Il mare, con la sua bellezza mozzafiato, può trasformarsi in un luogo di pericolo in un attimo. Questo è ciò che è accaduto ad Ancona, Agropoli e nell’Asinara, dove la prontezza di intervento ha fatto la differenza tra la vita e la morte.
Ancona: salvataggio con acquascooter
Ad Ancona, due persone sono state salvate grazie all’intervento tempestivo della Polizia di Stato con gli acquascooter. Un gommone, rimasto in balia delle onde a causa di un’avaria al motore, ha richiesto l’intervento delle forze dell’ordine nel tratto di mare tra la spiaggia del Passetto e il porto di Ancona.
Gli agenti, operativi nell’ambito del progetto Estate insieme in sicurezza hanno raggiunto rapidamente il gommone in difficoltà. I due occupanti, fortunatamente, non hanno riportato conseguenze fisiche, ma l’esperienza è stata sicuramente traumatizzante. Il loro gommone, rimasto senza propulsione, era completamente alla mercé delle onde.
Il progetto Estate insieme in sicurezza
L’intervento di oggi è solo l’ultimo di una serie di operazioni condotte dalla Questura di Ancona. Il progetto, promosso dal Questore Capocasa in collaborazione con il Prefetto Valiante, mira a garantire una presenza costante e tempestiva via mare, tutelando sia i residenti che i turisti durante la stagione estiva.
Le moto d’acqua della Polizia sono diventate un elemento fondamentale per la vigilanza e l’assistenza lungo la costa. Grazie alla loro agilità e velocità, gli agenti possono intervenire rapidamente in situazioni di emergenza.
Agropoli: bagnini salvano una famiglia
Un pomeriggio di paura si è verificato ad Agropoli, presso il Lido Paradiso, dove un padre e due ragazzine sono rimasti bloccati al largo a bordo di un piccolo gommone. A causa delle condizioni del mare e delle difficoltà di manovra, l’imbarcazione non riusciva più a rientrare verso la costa.

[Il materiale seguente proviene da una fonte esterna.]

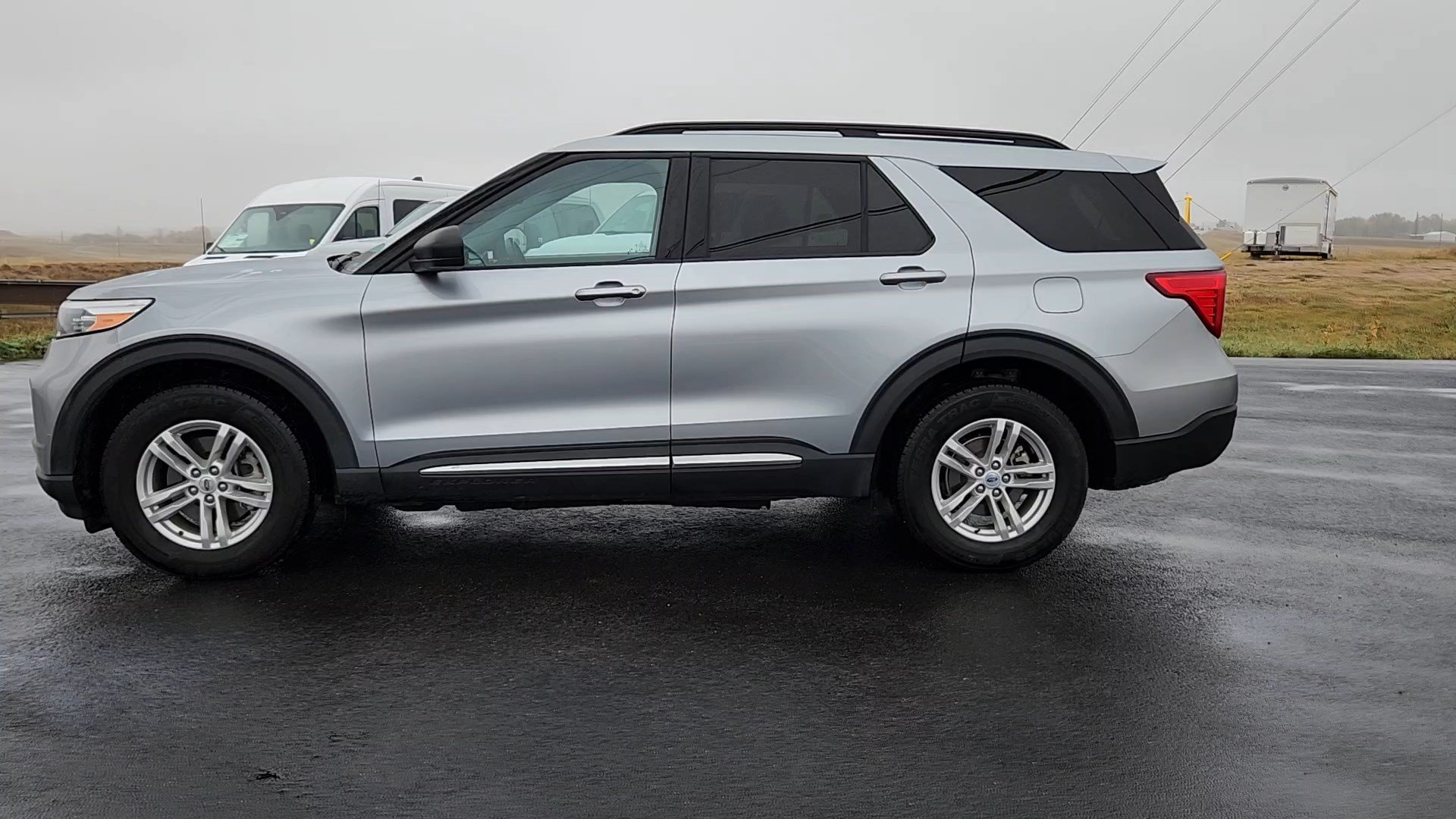 Used 2023 Iconic Silver Metallic Ford XLT image 2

La situazione si è risolta positivamente grazie alla tempestività e alla professionalità dei bagnini di salvataggio Carmine Laureana, di soli 17 anni, e Giovanni Niglio, di 21 anni. I due giovani hanno raggiunto il gommoncino a notevole distanza dalla riva, l’hanno agganciato e trainato fino al bagnasciuga, mettendo in sicurezza la famiglia.
Sicurezza in mare: le buone norme
L’episodio evidenzia ancora una volta l’importanza del presidio di salvamento lungo le spiagge e la necessità di prestare la massima attenzione durante le attività ricreative in acqua. Le autorità marittime e gli esperti di sicurezza raccomandano di non spingersi mai troppo al largo con piccoli gonfiabili o imbarcazioni prive di motore, soprattutto in presenza di correnti o venti contrari che possono rendere impossibile il rientro a braccia.
Asinara: sanzione per violazione delle norme
Con un tender dotato di motore fuoribordo, un turista si è introdotto nelle acque di Cala Barche Napoletane, nella zona B dell’Area Marina Protetta dell’Asinara, dove vige il divieto assoluto di transito per le imbarcazioni a motore.
Il turista è stato individuato e sanzionato dai carabinieri della Stazione Asinara per la violazione delle norme a tutela del Parco Nazionale. L’uomo si era avvicinato alla zona con uno yacht, poi ha preso il gommone e si è introdotto nello specchio acqueo interdetto per preservare l’equilibrio ecosistemico e la fauna marina.
Ennesimo episodio di quella che è ormai la quotidiana battaglia dell’Isola contro il turismo “cafone”. La protezione delle aree marine protette è fondamentale per preservare la biodiversità e garantire un futuro sostenibile per le generazioni future.